The Kenosha County District Attorney announced that the officers involved in the shooting of Jacob Blake, a 29-year-old black man, will not be charged.


Kenosha County District Attorney Michael Graveley announced on Monday that the officers involved in the shooting of Jacob Blake, a 29-year-old black man, in August in Kenosha, Wisconsin, will not be charged.

According to Graveley, there was not sufficient and admissible evidence to support an unlawful shooting charge against law enforcement. He also clarified that Blake will not be charged.

“This was a tragedy, first and foremost, for Jacob Blake, who still suffers from grievous injuries. These are life-lasting injuries that he suffers from today,” Graveley said.

“The challenge now and part of what I hope to begin in my conversation today is, rather than burning things down,can moments of tragedy like this be an opportunity to build things?” Graveley said. “Are there times and circumstances that are tragic where communities in their healing process can begin to make themselves a better community?” 

The announcement comes months after Blake was shot in the back seven times by Officer Rusten Sheskey after Blake grappled with and then attempted to flee the police tasers and enter a vehicle containing three of his children. The shooting, which left him partially paralyzed, was caught on video and shows that Blake may have been holding a knife, which was later recovered from the scene.

Officers originally pursued Blake in response to a complaint from his girlfriend, who said he was violating a restraining order.

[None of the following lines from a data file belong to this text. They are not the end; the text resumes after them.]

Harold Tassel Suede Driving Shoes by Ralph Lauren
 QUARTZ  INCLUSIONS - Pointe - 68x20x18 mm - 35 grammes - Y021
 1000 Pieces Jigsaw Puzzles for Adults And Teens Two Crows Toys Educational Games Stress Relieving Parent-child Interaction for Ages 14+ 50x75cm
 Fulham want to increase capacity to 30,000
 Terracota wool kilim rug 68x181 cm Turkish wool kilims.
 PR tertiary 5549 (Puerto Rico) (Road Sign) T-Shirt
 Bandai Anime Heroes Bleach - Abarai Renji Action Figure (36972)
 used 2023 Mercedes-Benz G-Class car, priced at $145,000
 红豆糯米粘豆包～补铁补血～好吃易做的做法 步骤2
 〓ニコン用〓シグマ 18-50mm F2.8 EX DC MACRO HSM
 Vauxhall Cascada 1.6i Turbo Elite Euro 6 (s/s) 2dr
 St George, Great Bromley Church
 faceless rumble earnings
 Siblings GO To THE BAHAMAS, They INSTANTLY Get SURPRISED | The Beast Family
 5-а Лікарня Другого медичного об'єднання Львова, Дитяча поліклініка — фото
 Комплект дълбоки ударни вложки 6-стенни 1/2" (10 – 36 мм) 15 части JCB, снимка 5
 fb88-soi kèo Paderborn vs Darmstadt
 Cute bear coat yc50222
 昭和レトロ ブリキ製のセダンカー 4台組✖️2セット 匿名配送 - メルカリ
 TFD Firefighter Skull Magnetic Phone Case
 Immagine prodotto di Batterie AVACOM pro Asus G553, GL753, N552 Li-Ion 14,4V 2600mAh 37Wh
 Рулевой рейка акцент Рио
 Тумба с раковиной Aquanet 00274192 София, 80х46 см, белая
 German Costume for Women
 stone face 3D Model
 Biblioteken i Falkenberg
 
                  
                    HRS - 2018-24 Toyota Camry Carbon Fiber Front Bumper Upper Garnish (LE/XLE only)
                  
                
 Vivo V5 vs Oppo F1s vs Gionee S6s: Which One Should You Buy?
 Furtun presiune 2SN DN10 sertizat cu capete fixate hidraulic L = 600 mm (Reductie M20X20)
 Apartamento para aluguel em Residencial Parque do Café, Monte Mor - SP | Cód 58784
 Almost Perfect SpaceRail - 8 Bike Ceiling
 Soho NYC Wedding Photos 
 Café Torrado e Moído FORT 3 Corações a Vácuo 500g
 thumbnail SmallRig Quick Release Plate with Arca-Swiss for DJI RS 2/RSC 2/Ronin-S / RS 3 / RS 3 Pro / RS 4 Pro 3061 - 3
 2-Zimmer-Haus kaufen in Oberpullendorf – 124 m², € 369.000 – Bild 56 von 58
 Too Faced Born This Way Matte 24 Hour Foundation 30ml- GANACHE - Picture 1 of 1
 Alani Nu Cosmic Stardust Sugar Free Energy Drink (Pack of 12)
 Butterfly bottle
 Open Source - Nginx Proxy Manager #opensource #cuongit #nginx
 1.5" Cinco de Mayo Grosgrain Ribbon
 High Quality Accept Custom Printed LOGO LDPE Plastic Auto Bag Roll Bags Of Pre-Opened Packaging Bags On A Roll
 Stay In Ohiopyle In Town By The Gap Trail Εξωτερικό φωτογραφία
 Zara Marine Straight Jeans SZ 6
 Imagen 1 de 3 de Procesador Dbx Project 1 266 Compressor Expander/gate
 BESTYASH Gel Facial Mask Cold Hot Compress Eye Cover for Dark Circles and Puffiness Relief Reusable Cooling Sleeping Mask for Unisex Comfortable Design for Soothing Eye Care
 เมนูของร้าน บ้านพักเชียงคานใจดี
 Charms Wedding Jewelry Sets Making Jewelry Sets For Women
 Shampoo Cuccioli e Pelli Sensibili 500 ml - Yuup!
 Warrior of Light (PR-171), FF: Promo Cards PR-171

The shooting of Blake sparked mass outrage on social media and beyond, with many including the corporate media perpetuating a narrative that the shooting was unjustified and racially motivated. Shortly following the shooting, people took to the streets of Kenosha to riot, loot, and set buildings on fire in the name of racial justice and protesting police brutality.

At nightfall, Kenosha became rowdy as rioters threw projectiles at police officers who tried to contain the crowds, often deploying tear gas, pepper balls, and other “munitions.” According to The Federalist reporting on the ground, some businesses, a church, and a car lot were completely ripped apart from the chaos, looting, and arson.

Multiple victims were also shot during the fallout over the summer, some fatally, allegedly by teen Kyle Rittenhouse, who pleaded not guilty to all charges on Monday.

In light of the violence in the city over the course of the summer, the Kenosha County Sheriff’s Department officially declared a state of emergency on Monday in anticipation of the decision, citing the potential for “rioting, looting, damage to county and city property and civil unrest” as well as “escalating tension.” The Kenosha Common Council also approved a resolution for an emergency declaration in the city, conferring Mayor John Antaramian with emergency powers.

Wisconsin Gov. Tony Evers joined the city in preparing for potential unrest by sending in 500 troops of the National Guard while others began boarding up their businesses and windows, closing down roads, and erecting fencing around public buildings.